I have just unpacked my loot from the Exchange.  On my bed sits a USB-powered, flexiplastic-bladed fan from Dubai e-government, pens from the Dubai International Finance Centre, which has its own legal system to serve the needs of its resident businesses, and a (feels like) twenty-pound, wooden book from the Crown Prince of Abu Dhabi, covered in glorious photos and vaguely creepy-sounding quotations from Sheikh Zayed.   As I look  at this cargo, spanning our ten days in the Emirates, I have to wonder,  what the hell just happened?

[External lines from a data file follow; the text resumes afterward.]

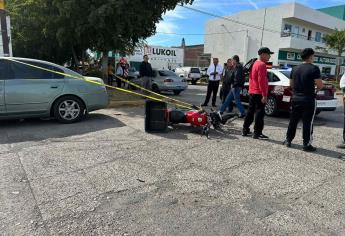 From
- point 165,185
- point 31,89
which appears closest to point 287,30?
point 31,89

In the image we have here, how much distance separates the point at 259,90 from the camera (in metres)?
6.29

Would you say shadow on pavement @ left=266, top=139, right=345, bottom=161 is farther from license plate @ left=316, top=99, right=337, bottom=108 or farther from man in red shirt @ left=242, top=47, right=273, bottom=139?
license plate @ left=316, top=99, right=337, bottom=108

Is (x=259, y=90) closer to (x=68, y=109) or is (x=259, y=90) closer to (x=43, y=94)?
(x=68, y=109)

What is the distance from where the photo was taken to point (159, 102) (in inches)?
268

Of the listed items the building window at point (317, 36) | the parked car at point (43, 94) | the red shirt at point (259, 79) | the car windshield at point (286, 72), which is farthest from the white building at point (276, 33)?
the parked car at point (43, 94)

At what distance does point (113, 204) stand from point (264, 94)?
3.89 meters

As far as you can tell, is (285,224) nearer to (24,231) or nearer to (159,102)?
(24,231)

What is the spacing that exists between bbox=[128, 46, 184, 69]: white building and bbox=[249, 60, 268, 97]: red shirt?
29.5 m

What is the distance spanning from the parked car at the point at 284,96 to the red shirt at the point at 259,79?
313 centimetres

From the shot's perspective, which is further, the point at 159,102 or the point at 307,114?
the point at 159,102

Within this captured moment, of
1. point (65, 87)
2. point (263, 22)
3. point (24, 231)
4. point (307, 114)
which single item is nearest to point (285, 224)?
point (24, 231)

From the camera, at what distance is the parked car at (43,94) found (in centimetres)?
686

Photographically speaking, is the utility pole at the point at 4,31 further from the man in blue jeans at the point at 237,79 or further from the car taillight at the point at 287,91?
the car taillight at the point at 287,91

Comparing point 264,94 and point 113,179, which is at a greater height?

Geologic bloody good fortune.   To me it’s an open question whether the Emirate’s oil reserves, which ultimately make it everything it now is, are really a blessing or a curse.  Regardless, it’s clear that oil has catapulted a nation that prior to 1962 had little in the way of anything into arguably the most dynamic place in the entire Middle East-North African region.   It’s hard not to be somewhat impressed: the Emirates has ambitions of a scale increasingly rare elsewhere, and, even more rare, the money to maybe pull it off.  Less obviously, the Emirates provides capital, relative tolerance and resources to entrepreneurial classes from South Asia and throughout the Middle East-North African region, raising the fortunes of many a merchant family.

But against those positives stand huge negatives, and above all some great unanswered questions.  The negatives include harsh treatment of foreign laborers, the status of women, the immunity of the ruling classes (see last week’s torture allegations), and the hugely unsustainable lifestyle lived by most Emiratis, which apart from producing one of the world’s highest per-capita carbon footprints also includes free housing and utilities, luxuries that would be impossible to sustain were it not for the country’s reserves of black gold.

But these challenges seem to me less important than some fundamental questions about the UAE’s approach to nationhood.  Can you sustain what’s basically a tribal system of government and patronage in a global economy?  Can you hope to become a knowledge economy (as the government says it does) while refusing to grant citizenship, or the rights thereof, to the expatriates who must build it?  Finally, can the UAE really create a post-oil future out of the desert wastelands?  So far, oil bankrolls everything else.

My bet in answering these questions is no.  Most things about the UAE seemed to me to have a mirage-like quality, and I think there’s much about the place that’s illusory.